**What the task asks:** Exactly as they appear below, repeat the lines from the one with "turtle vector illustration" through the one with "三年生杨树现在修枝,施肥是否妥当? | 养殖问题解答". Drop every picture.

**Data for this exercise:**
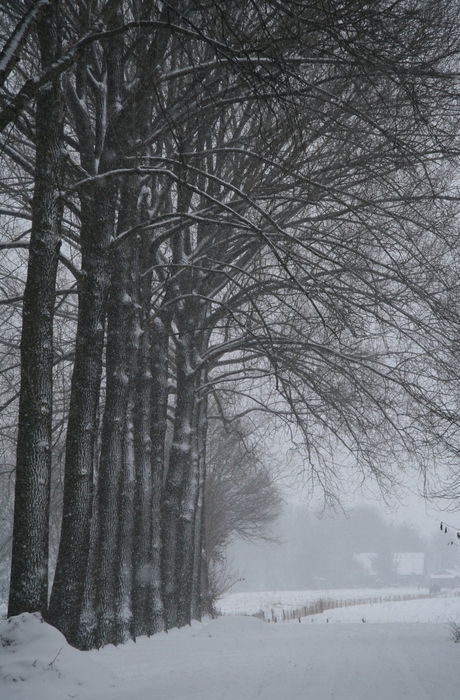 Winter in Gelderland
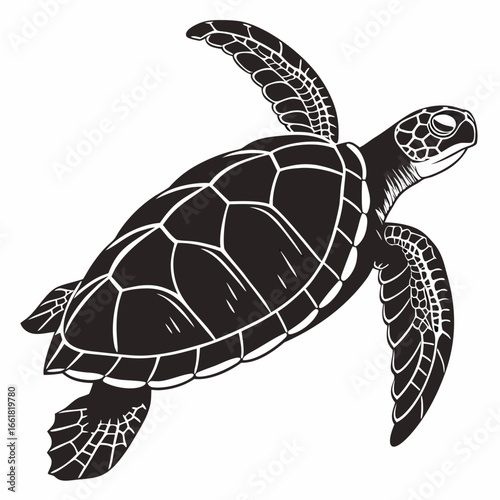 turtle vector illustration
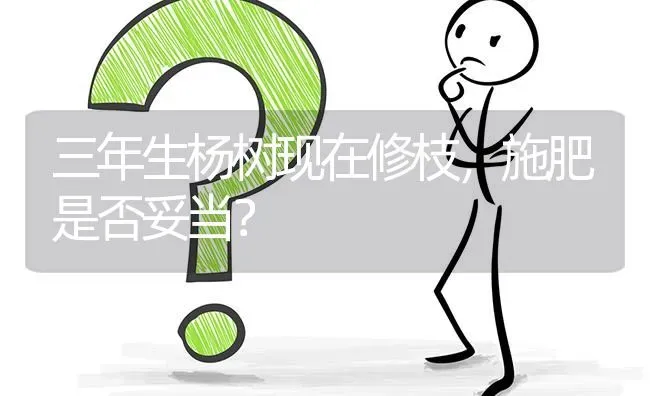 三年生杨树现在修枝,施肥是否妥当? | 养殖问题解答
==
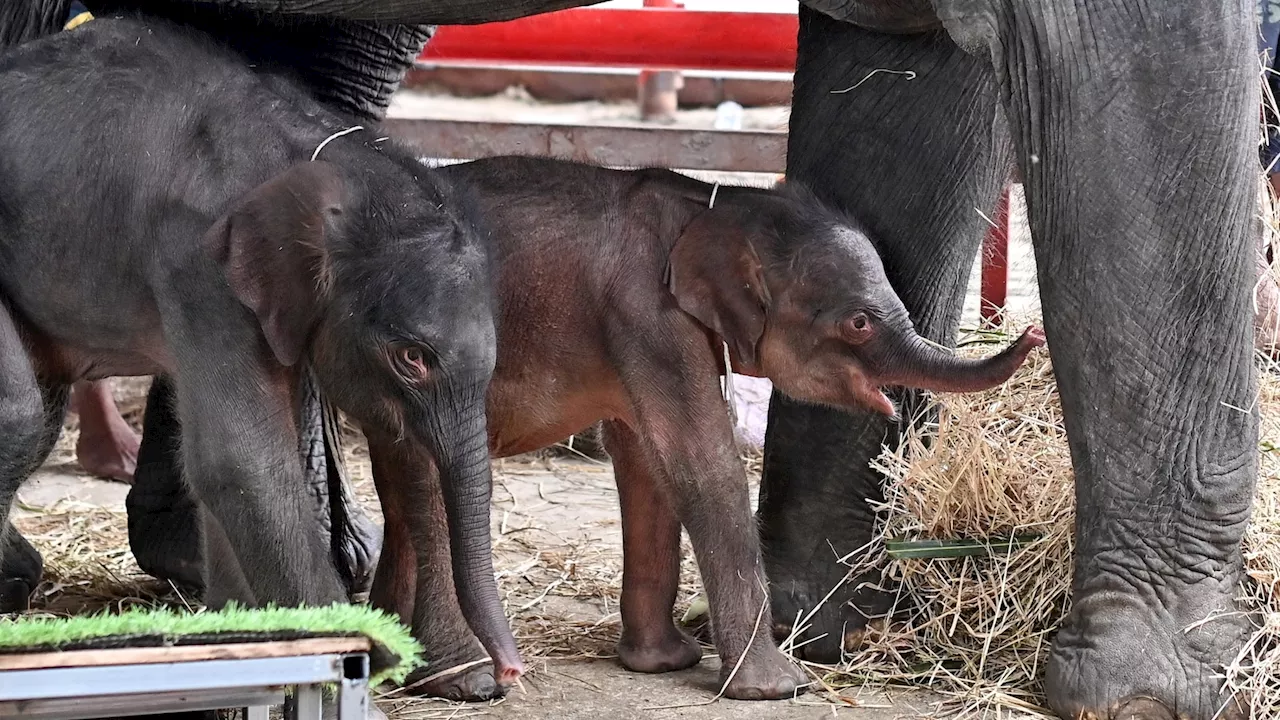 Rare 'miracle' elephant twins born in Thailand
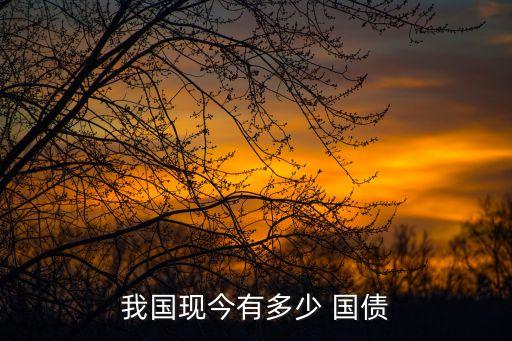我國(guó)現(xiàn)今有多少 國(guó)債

**Answer space:**
 turtle vector illustration
 三年生杨树现在修枝,施肥是否妥当? | 养殖问题解答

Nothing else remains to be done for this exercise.